What is later the easiest way to view original image without resetting editing?
To create a copy, but how?

Thanks!


----------



## Brad Snyder (May 4, 2011)

The generalized way to approach this is with Before/After View in Develop.
Select an image in Develop. On the main menu, choose View > Before/After > and one of the various screen layouts, top/bottom, left/right, split.
Note that theses selections all have shortcut keys, remember your favorite.
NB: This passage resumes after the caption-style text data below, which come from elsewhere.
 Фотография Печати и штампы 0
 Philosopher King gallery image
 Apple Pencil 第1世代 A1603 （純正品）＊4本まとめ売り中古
The Before/After views are also available on the Tool Bar below the image near the far left.
Then, use the History browser to select the image state you'd like to display as the 'Before'. In your case, all the way at the bottom of the History, usually called 'Import', with perhaps an import preset noted.
Right click on the desired history state, and choose 'Copy History State Settings to Before'.

There are other ways to skin this cat, but that should get you where you want without the (minimal) overhead of creating a snapshot or virtual copy.


----------



## sizzlingbadger (May 4, 2011)

The only reliable way is to hit reset then ctrl-Z to undo it. The before and after only shows the difference between import state and current state and that it is not always what you need. If you don't apply anything during import then using the / key can work quite well.

I changed the default settings in my catalog and now the before after toggles between current edits and my original imported defaults not my new defaults and this is a pain.


----------